Dive Brief:
- At CPhI Paris, two high-level government officials complained openly that the Indian drug industry is being over-regulated by outside agencies because of quality-control concerns.
- There have been numerous ongoing reports about recalls of drugs manufactured in India due to poor quality.
- India is the epicenter of low-cost drug manufacturing, providing much-needed pharmaceuticals for many parts of the world—including the U.S., where 10% of finished drug products are manufactured in India.
Dive Insight:
It's true: the Indian pharmaceutical industry has an image problem. Numerous reports of product recalls, including 428,000 bottles of venlafxine in May,10,200 bottles of promethazine in June, and 40,000 bottles of venlafaxine in July (to name just a few) have called into question whether manufacturing practices are in general alignment with good manufacturing practices in India.
On the other hand, India's pharmaceutical industry has implemented numerous innovative measures that make it possible to manufacture drugs more cheaply than they are elsewhere. As the leading producer of low-cost medications, India not only serves markets in developed countries, such as the U.S., but it also provides much-needed medications to patients in less affluent countries. In fact, India supplies 80% of the donor-funded drugs used to treat AIDS patients.

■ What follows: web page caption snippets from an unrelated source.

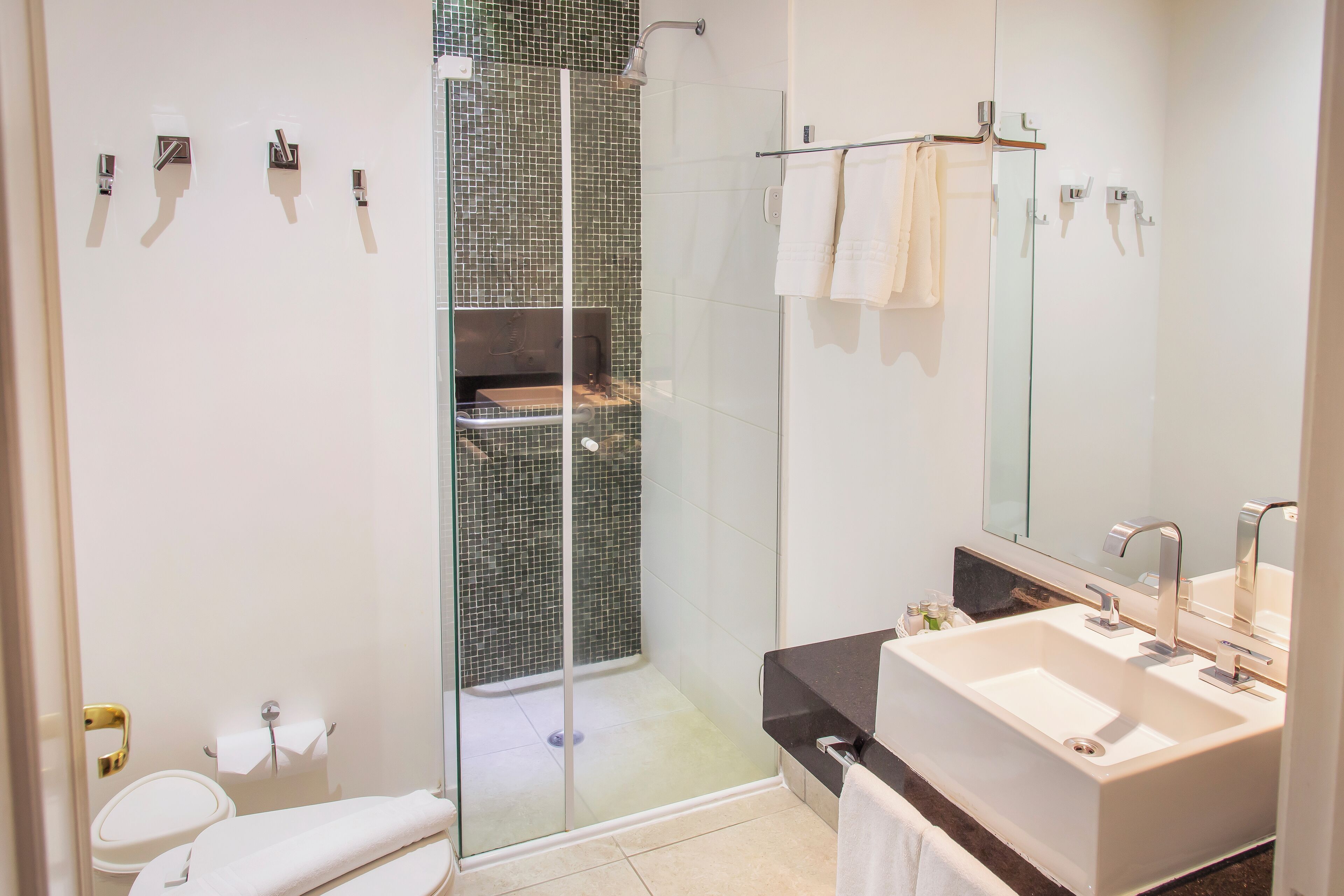 A modern bathroom with a glass-enclosed shower, a large sink, and a mirror.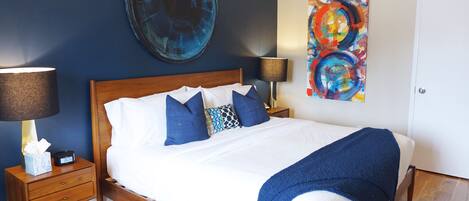 A neatly made bed with white and blue bedding, a blue throw blanket, and a wooden headboard. There are two bedside tables with lamps and a small bedside table with a tissue box and a clock.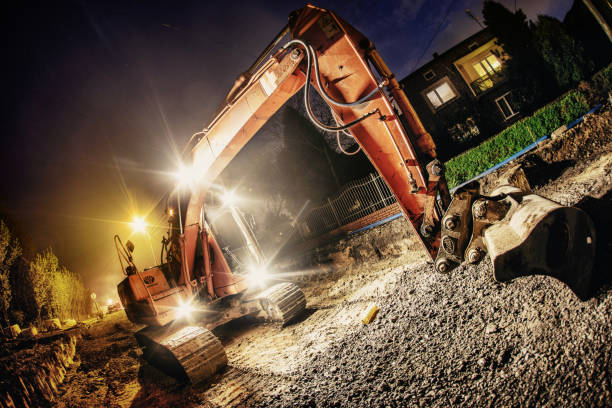 istock Orange excavator digger working at night on the street 1225509778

So where's the balance? India has more than 10,000 pharmaceutical manufacturing facilities that create products destined for 15 different markets. Some—but not all—of the facilities are approved by the FDA, the World Health Organization, or the European Medicines Association. Obtaining approval from one of these bodies is expensive and could result in price increases. Therefore, the Indian government is calling for standardized regulations among all of the regulatory agencies to allow Indian facilities to have one target that they can work towards. In the mean time, production continues as demand in the region continues to grow.